Studio album by Macy Gray
- Released: March 21, 2007
- Recorded: 2006
- Genre: R&B; soul; neo soul;
- Length: 43:47
- Label: will.i.am; Geffen;
- Producer: Damon Elliott; Ron Fair (also exec.); Jared Gosselin; Macy Gray (also exec.); Noiztrip; Justin Timberlake; Phillip White; will.i.am (also exec.);

Macy Gray chronology
| Live in Las Vegas (2005) | Big (2007) | The Sellout (2010) |

Singles from Big
- "Finally Made Me Happy" Released: February 20, 2007; "Shoo Be Doo" Released: March 2007; "What I Gotta Do" Released: June 26, 2007;

= Big (album) =

Big is the fourth studio album by American singer-songwriter Macy Gray. It was released on March 21, 2007, by Geffen Records. It is Gray's first studio album in four years. The album debuted at number 39 on the US Billboard 200, selling 23,000 copies in its first week.

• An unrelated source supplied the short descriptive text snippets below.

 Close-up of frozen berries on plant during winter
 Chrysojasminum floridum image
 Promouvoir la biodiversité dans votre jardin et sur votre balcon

Three singles were released from the album: "Finally Made Me Happy" (a collaboration with Natalie Cole), "Shoo Be Doo", and "What I Gotta Do". The latter was included on the Shrek the Third soundtrack. Music from this album was also featured in the I Love New York season one reunion. The album's cover art was widely illustrated on iPhone ads and featured on the first boxes of the iPod Touch.

==Critical reception==

Big received generally favourable reviews from music critics. At Metacritic, which assigns a normalized rating out of 100 to reviews from mainstream critics, the album received an average score of 62, based on 17 reviews.

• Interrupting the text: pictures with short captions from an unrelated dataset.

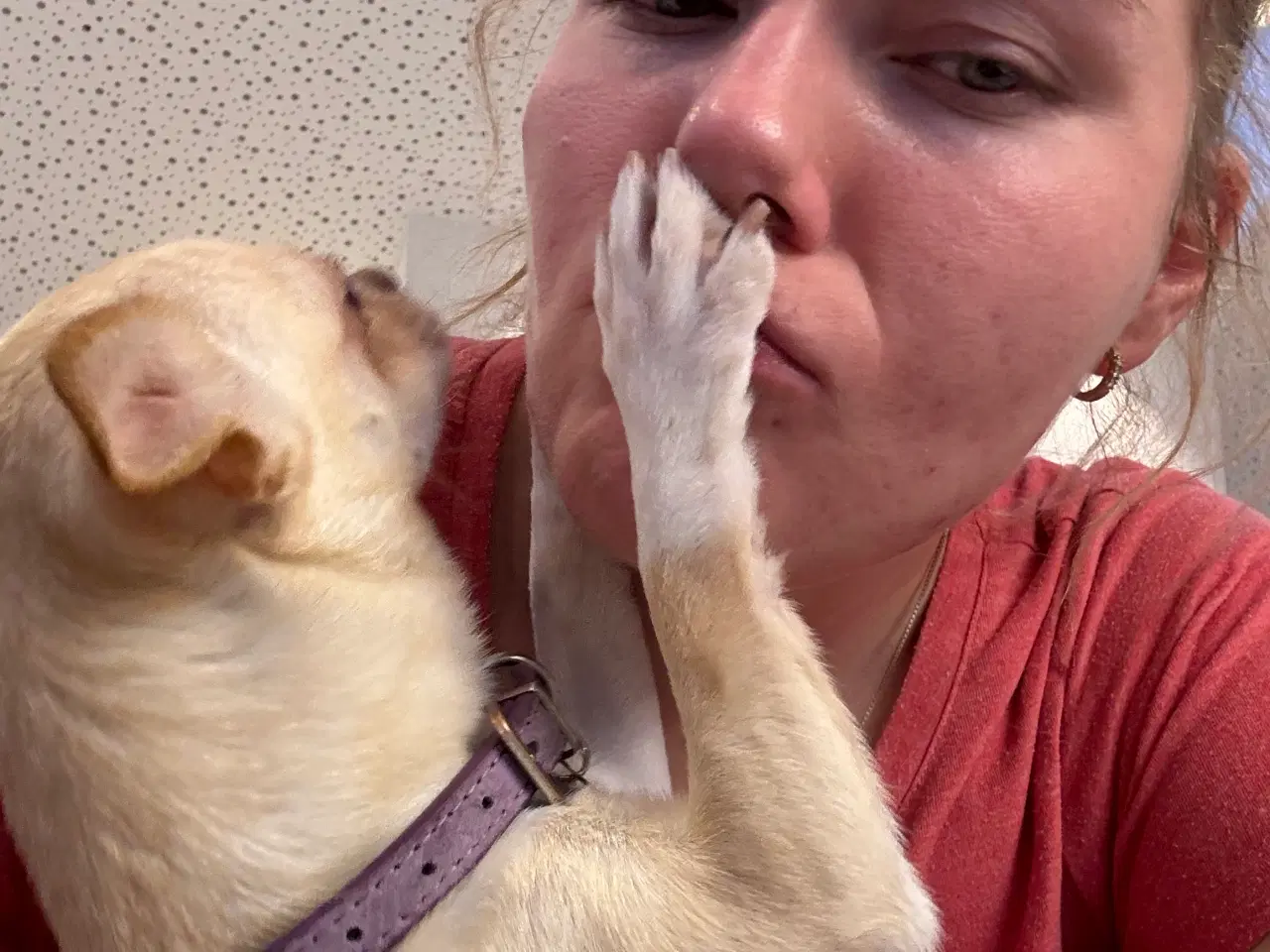 Billede 5 - Korthåret 3års DKK tæve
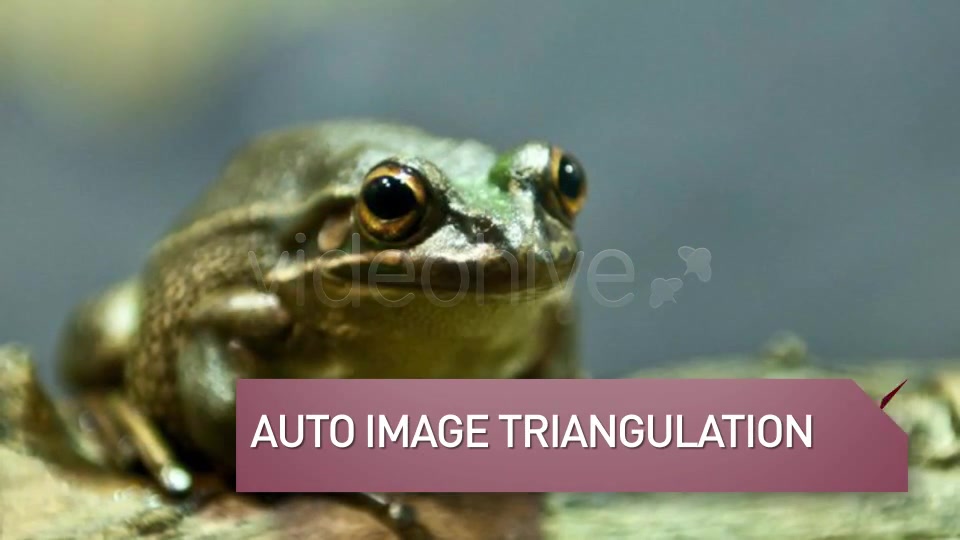 Triangulate Slideshow - Download Videohive 3681335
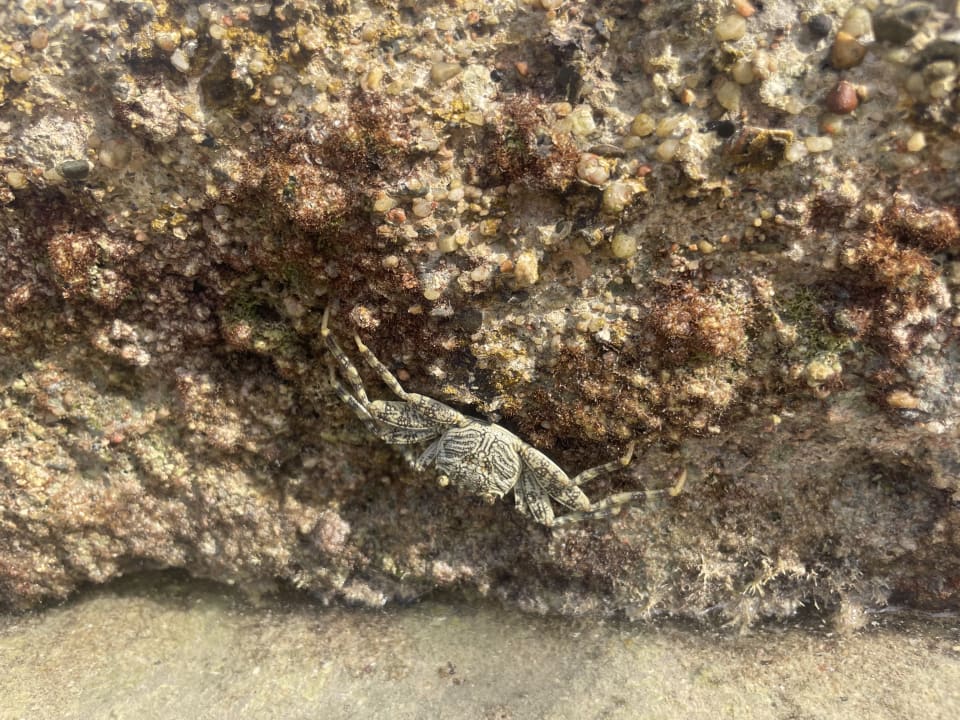 Strand Pickalbatros Palace Hotel-Port Ghalib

Shane Harrison of the Atlanta Journal Constitution, with an A− called the album, "One of the year's most inspired pairings between producer and artist."
Dan Gennoe of Yahoo! Music called Gray's Big "the worthy follow-up to her On How Life Is debut," praising the contributions from the guest artists and the restraint of her signature musical persona. He added that the lack of radio hits on the record may prevent Gray's career from rebounding, but said that "Whatever the commercial outcome though, no one can say that this is anything other than a supreme return to form." John Bush of AllMusic noted how the quiet storm production from will.i.am made Big "the slickest album of Gray's career," but said that it brings into better focus the vocal quirks of her personality throughout the track listing, concluding that "It'll be interesting to see if past Macy Gray fans are willing to follow her into adult contemporary territory, while those who might like the new direction will be able to alter their perceptions of her." Jon Dolan, writing for Blender, said that Gray's "confessional blues-rasp" is better utilized on more mature tracks like the Fergie collaboration "Glad You're Here", saying that "It's 'licious, but in a classy way."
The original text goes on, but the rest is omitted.